#### Requirement:
Omit the pictures, then write out every entry exactly as it reads.

#### Exercise inputs:

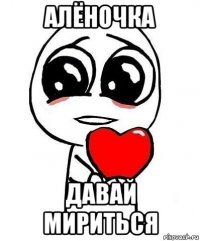 алёночка давай мириться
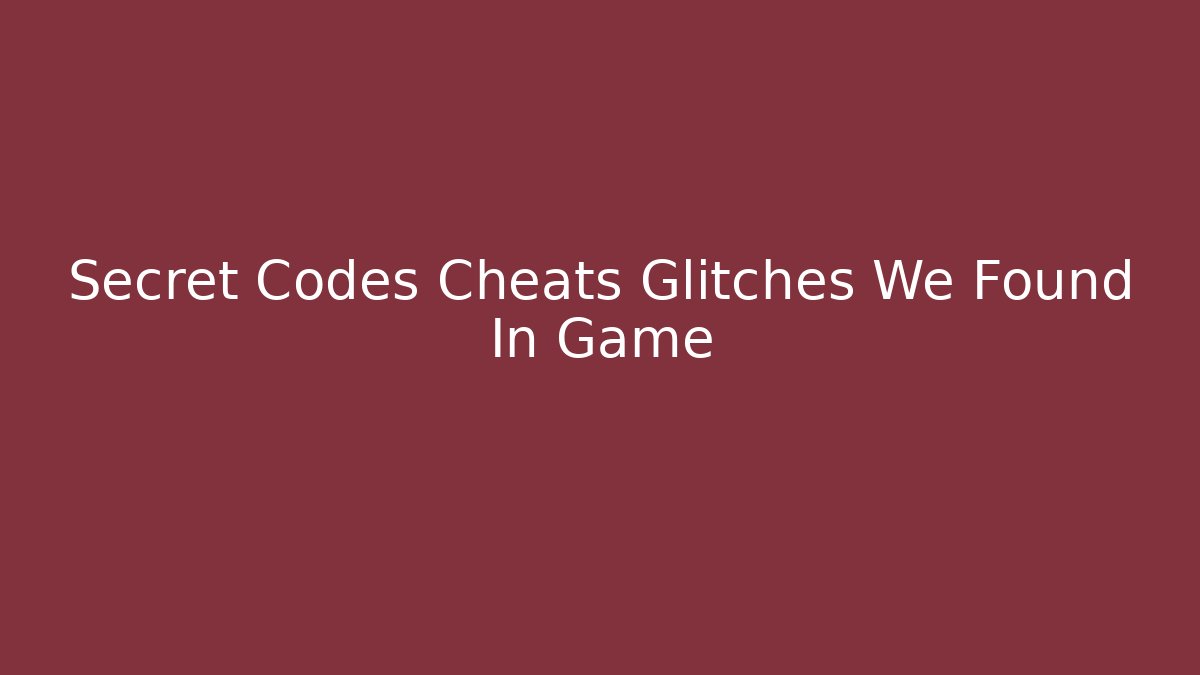 Secret Codes Cheats Glitches We Found In Game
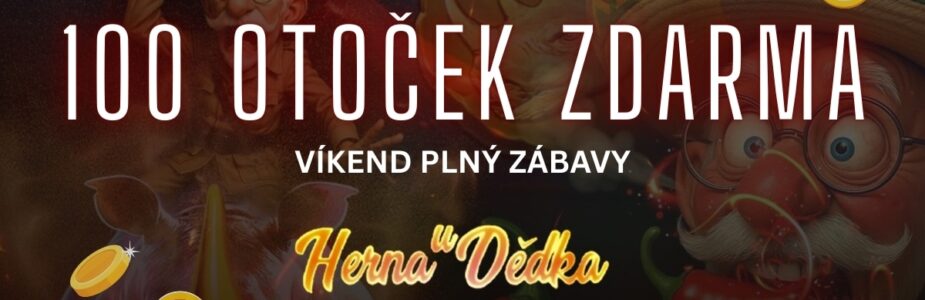 100 otoček zdarma v Herně U Dědka 100 otoček zdarma v Herně U Dědka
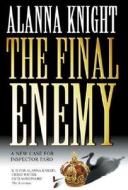 The Final Enemy di Alanna Knight edito da Black And White Publishing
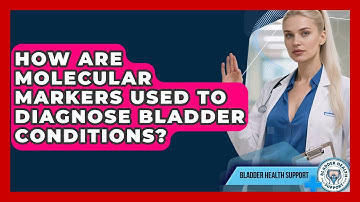 How Are Molecular Markers Used To Diagnose Bladder Conditions? - Bladder Health Support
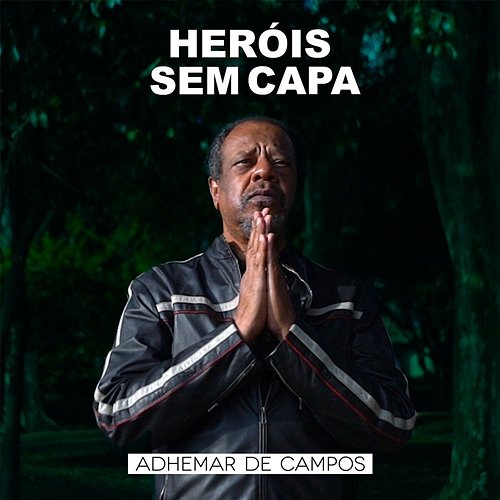 Heróis Sem Capa Adhemar de Campos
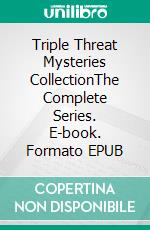 Triple Threat Mysteries CollectionThe Complete Series. E-book. Formato EPUB ebook di Tyler Colins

#### Written response:
 алёночка давай мириться
 Secret Codes Cheats Glitches We Found In Game
 100 otoček zdarma v Herně U Dědka 100 otoček zdarma v Herně U Dědka
 The Final Enemy di Alanna Knight edito da Black And White Publishing
 How Are Molecular Markers Used To Diagnose Bladder Conditions? - Bladder Health Support
 Heróis Sem Capa Adhemar de Campos
 Triple Threat Mysteries CollectionThe Complete Series. E-book. Formato EPUB ebook di Tyler Colins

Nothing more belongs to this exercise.